Can I get tested to see if I have “T cells”?

I wish it were as easy as taking an antibody test, but unfortunately it is not possible. Detecting T cells requires a very laborious and expensive test that is not available to the general public. I know, put like this, believing in T cells is the closest thing to an act of faith: you have to believe without seeing. Assuming this right now, when what we all want is to see our immunity printed on a piece of paper with the seal and signature of the laboratory, it really is complicated. However, we must trust science and the results that are being seen in studies, which are very positive in this regard.

If I have already overcome the coronavirus … do I have to get vaccinated?

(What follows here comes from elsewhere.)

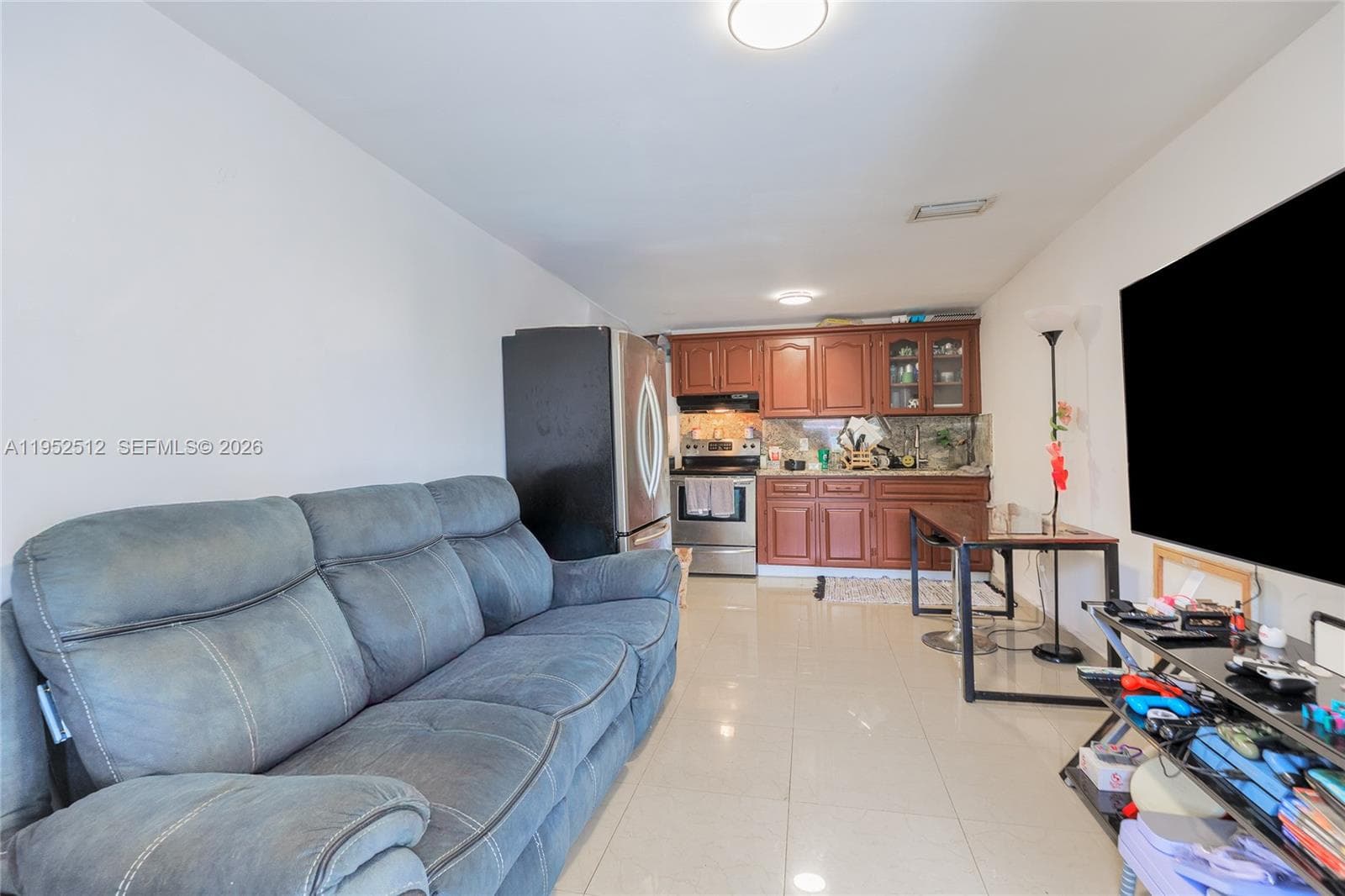 14601 NW 10th Ave, Miami FL 33168 — 16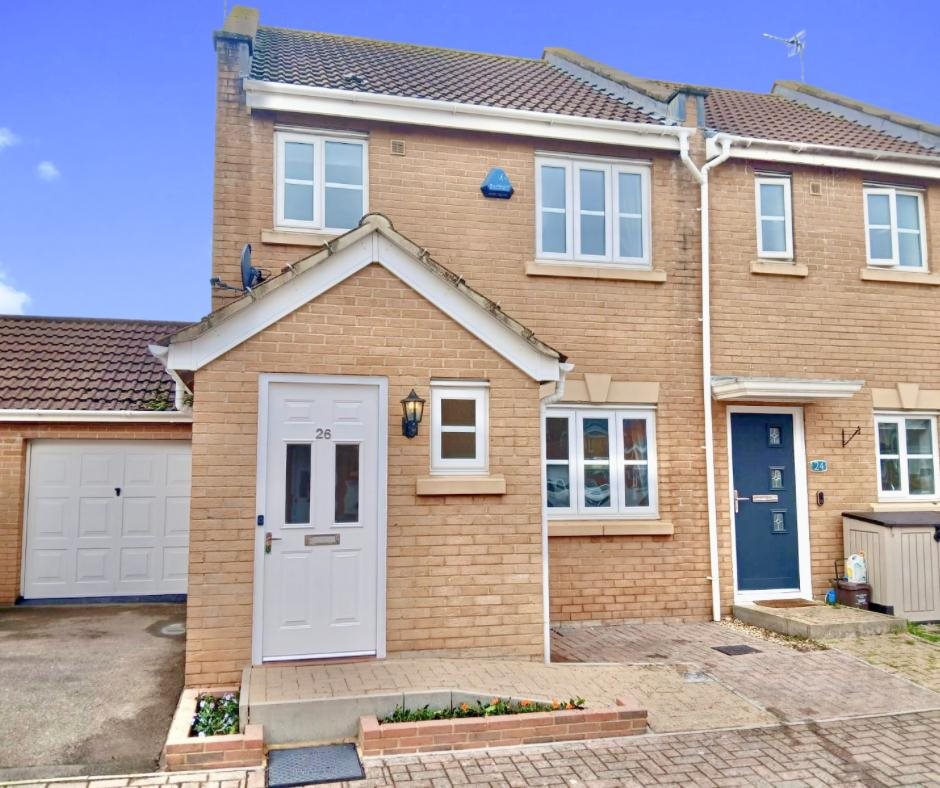 3 bed semi-detached house to rent in Oaktree Place, Str Georges, BS22  - Property Image 1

As we mentioned in the first question, it is estimated that immunity after overcoming the disease is at least six months. In this sense, and taking into account that we are short of vaccines, scientific societies recommend that during the time that they maintain their antibodies these people “save” their dose to the system. With these “extra doses” we will expand more quickly the percentage of vaccinated, which is the priority objective to end the virus. Those who have overcome the infection and temporarily renounce their doses will be able to get vaccinated later and we will have saved precious time.

If I am over the coronavirus … should I take a dose or two?

In these cases, as has been observed in several studies, a single dose is enough for people who have overcome the disease to have the same or higher immunity than those who have not yet been infected and take their two doses. In other words, the natural infection by the coronavirus would serve as the “first dose”.

Will we have to get vaccinated every year as we do with the flu virus?

We still do not know to what extent vaccines will be able to defend us against all the new variants. We have already observed that some of them significantly decrease their effectiveness, for example, against the South African variant. And, to put it bluntly, each virus is from your father and mother. While the flu virus mutates a lot and you have to create new vaccines every year, other viruses such as measles are more stable and, simply by getting vaccinated as a child, you will be served for life. It seems that the coronavirus is halfway there. It will not change its appearance like underwear, imitating its cousin with the flu, nor is it “for life” like the measles virus. It will mutate and booster doses may be required. It is also possible that over time we will get more complete vaccines, offering more lasting immunity.

Science, little by little, will continue to unmask the secrets of the coronavirus. In the meantime, let’s have patience, head … and mask.